I will be there as I work 5 minutes away.....I used to be the Italian restaurant chef there at the Renaissance Waverly Hotel that's connected to the convention center for years so been to the show many times. As for makers there has usually been quite a few in the recent years.
From the list I have seen so far (Disclaimer, not all are handmade custom makers) but here they are:


Apogee Culinary designs
Big Chris Custom knives
Bill Burke
David Broadwell, you have to see his level of F/F
Byington blades.....no knives but in my opinion the best heat treatment service in the US, awesome customer service.
Cape Cod Cutlery
Carter Cutlery
Doberman Forge
Dogwood Custom Knives
Dragon's Breath Forge
Faneema Cutlery
K.H. Daily knives
Sakae Forge if you want a really nice samurai sword
Shinji Ikeda
Shosui Takeda
Tansu
That's all that I can think of looking through the exhibitor list, I'm sure I missed a few great makers that occasionally do kitchen cutlery.

Enjoy the show, It is a quite an experience.


----------



## playero (Jun 1, 2019)

Please keep us posted since I cannot make it. Check for glow in the dark handle.


----------



## Barashka (Jun 2, 2019)

Sadly won't be there, photos from the show would be very much appreciated!


----------



## Barclid (Jun 3, 2019)

I'll be there. I know Don Nguyen said he'd be there as well, and Damasteel will be there too.


----------



## Jville (Jun 3, 2019)

I went last year and met mert, came home with a SC 125 honyaki that is easily one of my favorite knives. I wish i was going this year, but im 4 months into a new bussiness and so broke that i can barely hang on to the knifes i got. Hopefully, next year.


----------



## Don Nguyen (Jun 3, 2019)

I'll be there just wandering around and hanging out.


----------



## chefcomesback (Jun 4, 2019)

I will be at table 19h , would love to meet other forum members. There are only few kitchen knife makers in the show but many makers are dabbling into this field 
Some of the craftsmanship in abs mastersmiths section is crazy good


----------



## ThinMan (Jun 6, 2019)

daveb said:


> I went a few years ago. My guestimate is that 1 in 20 booths had serious kitchen knives. The "outdoor" and EDC makers made up the majority. Murray was there but on break. I had just bought a nakiri from him via his website so stopped a few times. And importantly the "booth girls" from Spyder were the best.
> 
> Very excellent Japanese restaurant there about a mile from the facility. It would take some digging but if interested I'll try and find it.



Thank you for the info!

I will sure to check out the Spyderco booth.


----------



## ThinMan (Jun 6, 2019)

dwalker said:


> Tansu, Spake, Fowler, and some traditional Japanese makers that are not well known around here have all been there in the past. I will be attending this year as well.

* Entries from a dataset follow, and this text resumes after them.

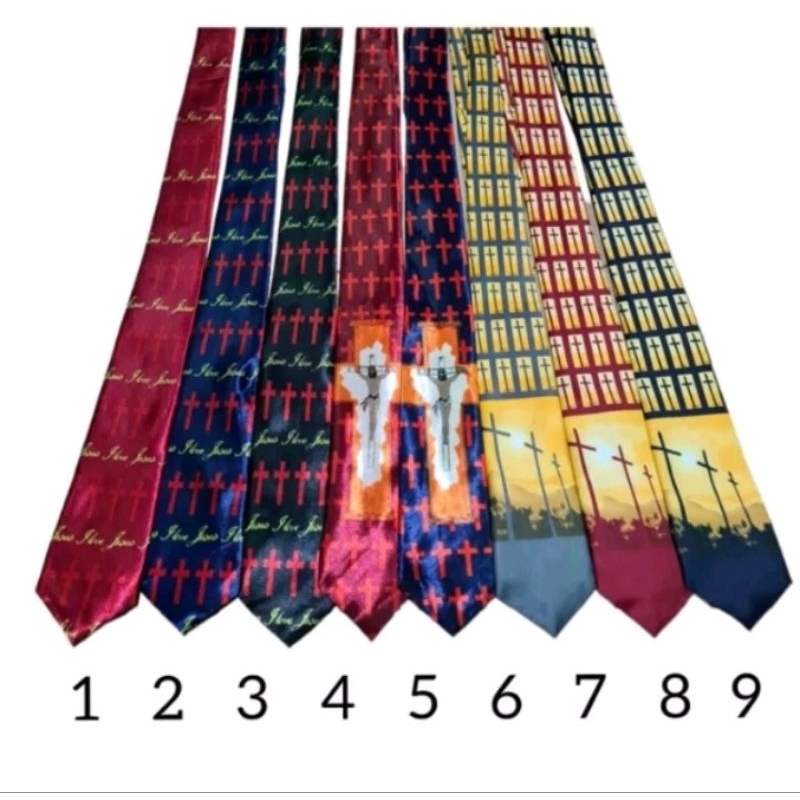 dasi motif rohani salib dasi kristian panjang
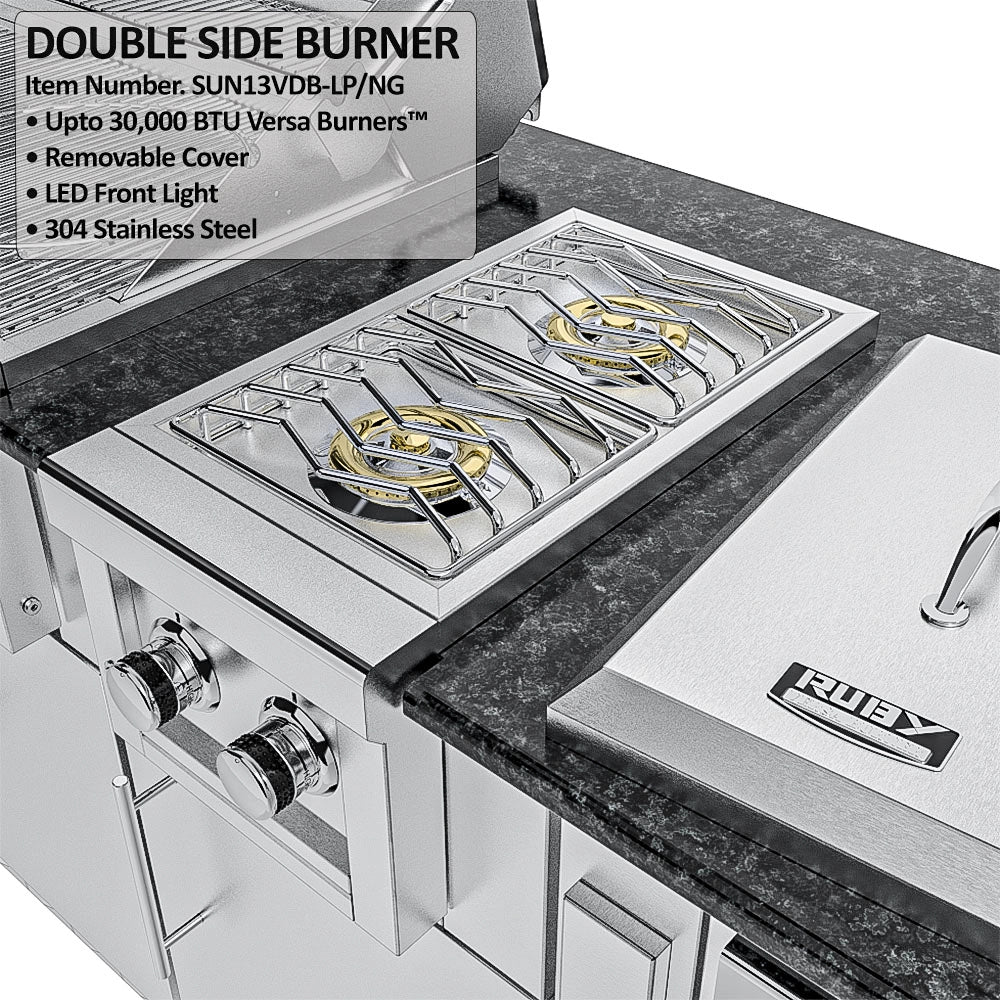 Top view of a Sunstone Ruby Series double side burner with 30,000 BTU versa burners and LED front lights integrated into a stone countertop.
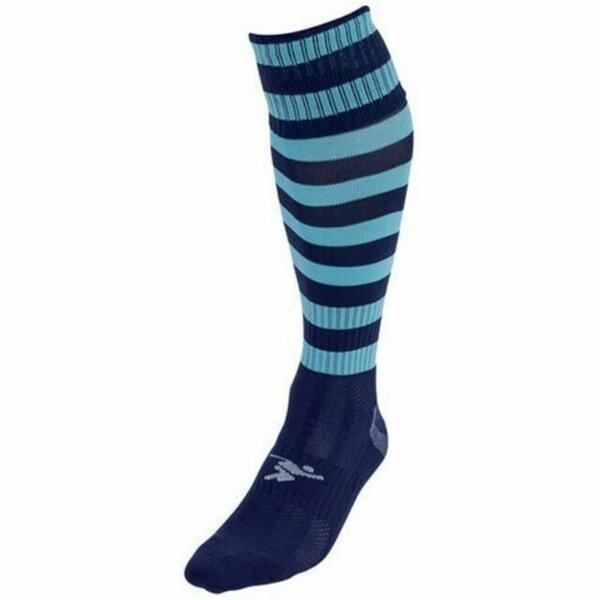Precision Adult Pro Hooped Football Socks (7-12) Navy/Sky Blue / 0.10EA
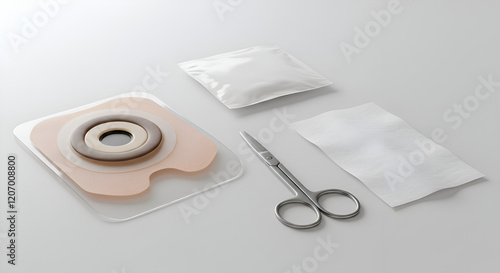 Stoma Care Kit, Adhesive Baseplate, Skin Barrier Wipe, Stoma Scissors, Ostomy Care Essentials, Medical Hygiene Illustration
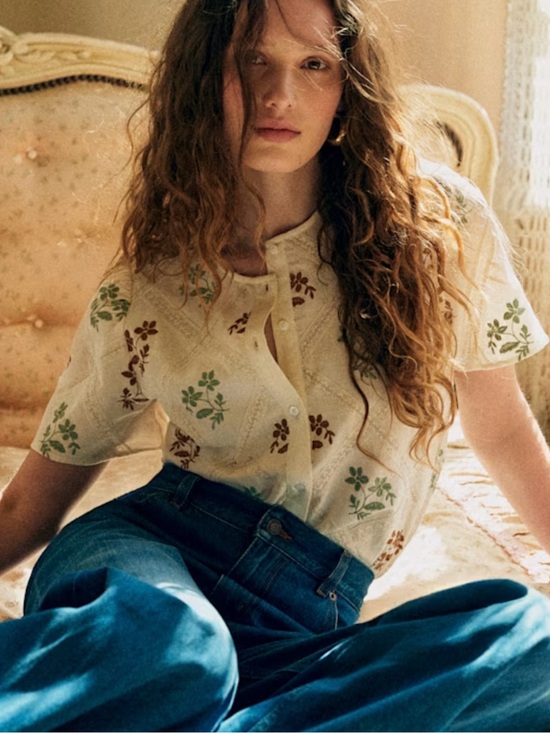 Sezane Tops - Sezane Amade Button Front Short Sleeve Top in Ecru With Embroidered Flowers, 34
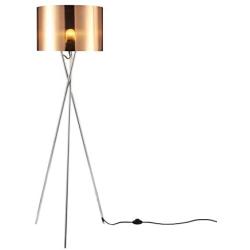 Ambiore Lisboa Tripod Floor Lamp - 62 inch Morden for Living Room Office - Metal Chrome Tripod with Copper Acrylic Film Shade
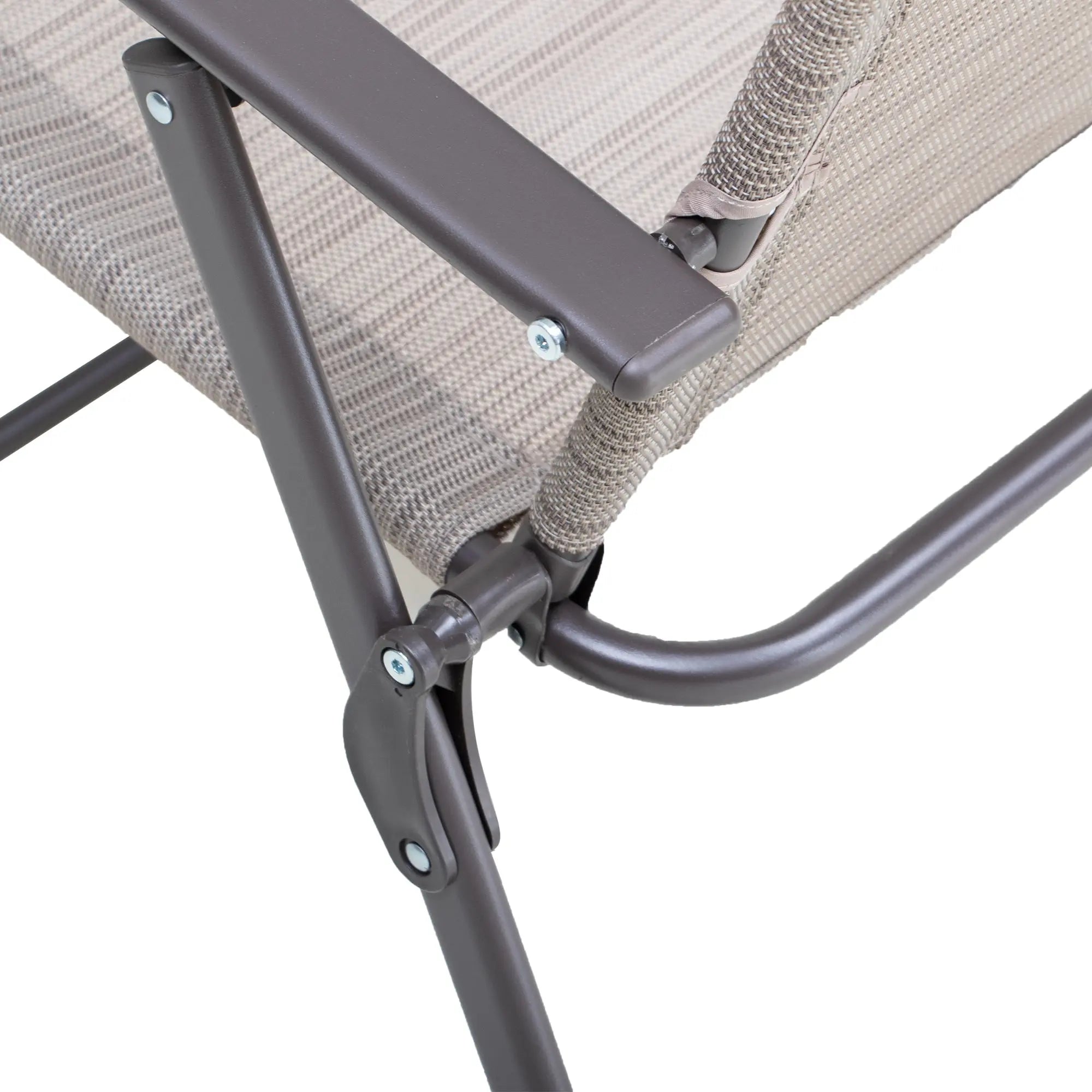 Set of Four 35" Brown Steel Sling Outdoor Folding Arm Chairs Homeroots Outdoor
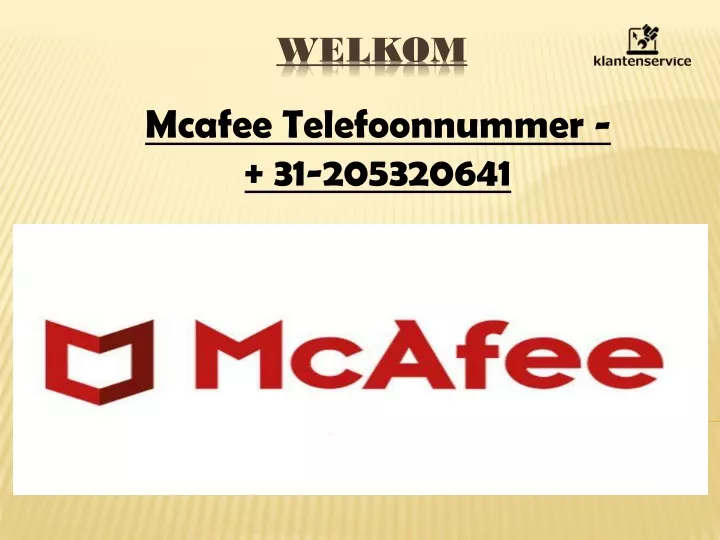 mcafee t elefoonnummer 31 205320641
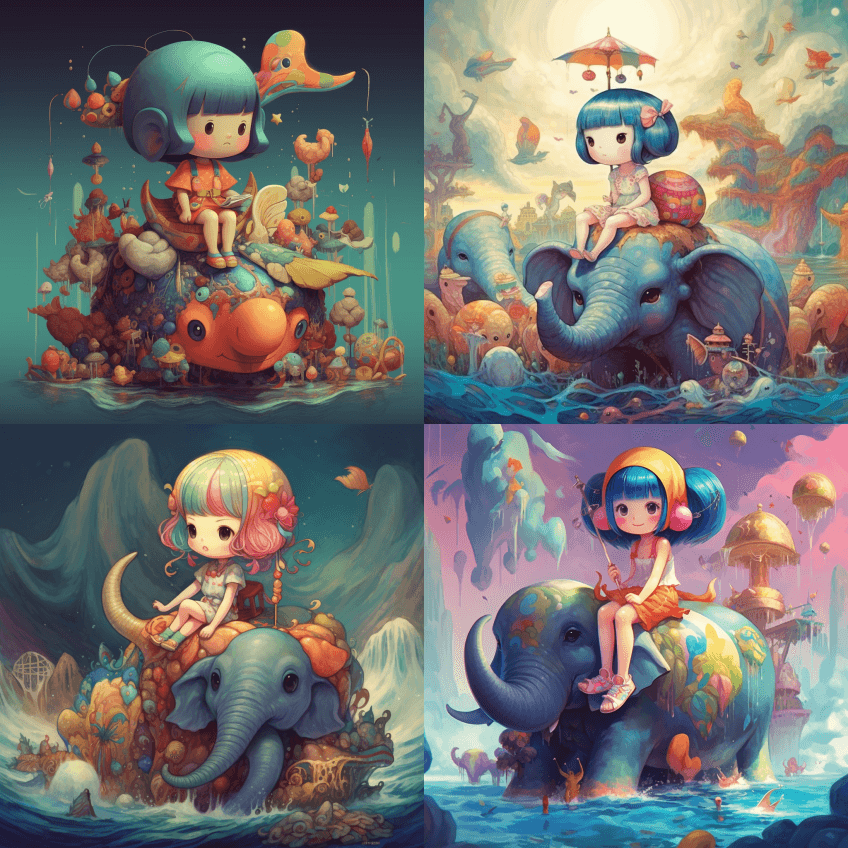 小天使坐在大象、大海、精灵和怪物上，五颜 - Midjourney Prompt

Thanks. Hope to see you there.


----------



## ThinMan (Jun 6, 2019)

Tim Rowland said:


> I will be there as I work 5 minutes away.....I used to be the Italian restaurant chef there at the Renaissance Waverly Hotel that's connected to the convention center for years so been to the show many times. As for makers there has usually been quite a few in the recent years.
> From the list I have seen so far (Disclaimer, not all are handmade custom makers) but here they are:
> 
> 
> ...



Thanks for the info!


----------



## ThinMan (Jun 6, 2019)

Barclid said:


> I'll be there. I know Don Nguyen said he'd be there as well, and Damasteel will be there too.



I hope to see you there.


----------



## ThinMan (Jun 6, 2019)

Don Nguyen said:


> I'll be there just wandering around and hanging out.



I hope I’ll run into you


----------



## ThinMan (Jun 6, 2019)

chefcomesback said:


> I will be at table 19h , would love to meet other forum members. There are only few kitchen knife makers in the show but many makers are dabbling into this field
> Some of the craftsmanship in abs mastersmiths section is crazy good



I will stop by. Looking forward to it!


----------



## Barclid (Jun 7, 2019)

I'll be at booth 2405 with Hap from Nanohone. If you're here, come say hi.


----------



## dwalker (Jun 7, 2019)

Got the Tansu I was after! Doing the Snoopy happy dance!


----------



## Jville (Jun 8, 2019)

dwalker said:


> Got the Tansu I was after! Doing the Snoopy happy dance!


Pics!


----------



## rob (Jun 8, 2019)

Jville said:


> Pics!


Yes, pics please.


----------



## dwalker (Jun 8, 2019)

Here is the Tansu I picked up. Thanks Mert.

250mm x 60mm. V2


----------



## dwalker (Jun 8, 2019)

Some other things of interest. Here is a beautiful Damascus integral from Stephan Fowler at a killer price


----------



## dwalker (Jun 8, 2019)

These knives are from Takeshi Iwai. His style is really heavy spines ground to a thin edge using blue 2 and blue super. I picked up a 150 magaki petty in blue 2. Some of his single bevel knives can be purchased from knifemerchant. Others can be ordered direct. If the tips of his gyutos were a bit thinner, I would have definitely picked one up.


----------



## dwalker (Jun 8, 2019)

Some really cool knives from Argentina.


----------



## dwalker (Jun 8, 2019)

Cool stuff from a talented young lady who just graduated high school.


----------



## nakneker (Jun 8, 2019)

dwalker said:


> Cool stuff from a talented young lady who just graduated high school. View attachment 54493
> View attachment 54494


Keep it coming, love the updates.


----------



## MontezumaBoy (Jun 8, 2019)

Awesome ... next year I think ... go find that crazy Damasteel Ambassador - Chef Kolter! His IG account said he was going ... 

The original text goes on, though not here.